Divide et Impera: Decoding Impedance Strategies for Robotic Peg-in-Hole Assembly
Johannes Lachner, Federico Tessari, A. Michael West, Moses C. Nah, Neville Hogan
TL;DR
This work shows that robotic peg-in-hole assembly under impedance control does not rely on a single optimal parameter set; instead, many viable impedance configurations exist. Using the Elementary Dynamic Actions framework, the authors decompose control into submovements, oscillations, and impedance, and analyze a large impedance-parameter space with PCA and K-means to reveal task-specific and generalized assembly strategies. A neural network predictor provides practical guidance by estimating feasible impedance parameters, improving tuning efficiency and accessibility for less-experienced programmers.

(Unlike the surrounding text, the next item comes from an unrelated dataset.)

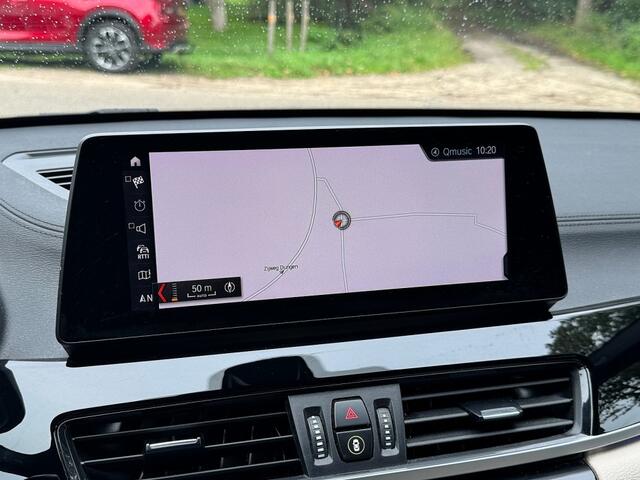 BMW X1 2.0i 178pk autom Executive Edition ecc,led,lmv,leer,sportstoel,lmv,navi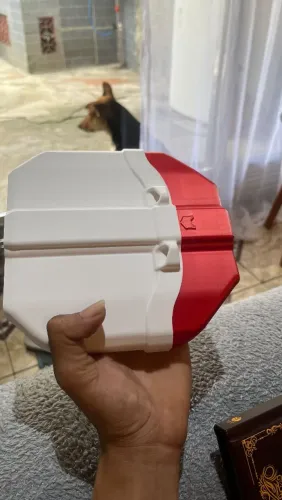Case DJI NEO 2 c\ Porta baterias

The study demonstrates across four peg types that impedance solutions inhabit a low-dimensional subspace with distinct strategy families, and it provides public code and CAD data to enable replication and extension in industrial robotic assembly.
Abstract
This paper investigates robotic peg-in-hole assembly using the Elementary Dynamic Actions (EDA) framework, which models contact-rich tasks through a combination of submovements, oscillations, and mechanical impedance. Rather than focusing on a single optimal parameter set, we analyze the distribution and structure of multiple successful impedance solutions, revealing patterns that guide impedance selection in contactrich robotic manipulation. Experiments with a real robot and four different peg types demonstrate the presence of task-specific and generalized assembly strategies, identified through K-means Clustering. Principal Component Analysis (PCA) is used to represent these findings, highlighting patterns in successful impedance selections. Additionally, a neural-network-based success predictor accurately estimates feasible impedance parameters, reducing the need for extensive trial-and-error tuning. By providing publicly available code, CAD files, and a trained model, this work enhances the accessibility of impedance control and offers a structured approach to programming robotic assembly tasks, particularly for less-experienced users.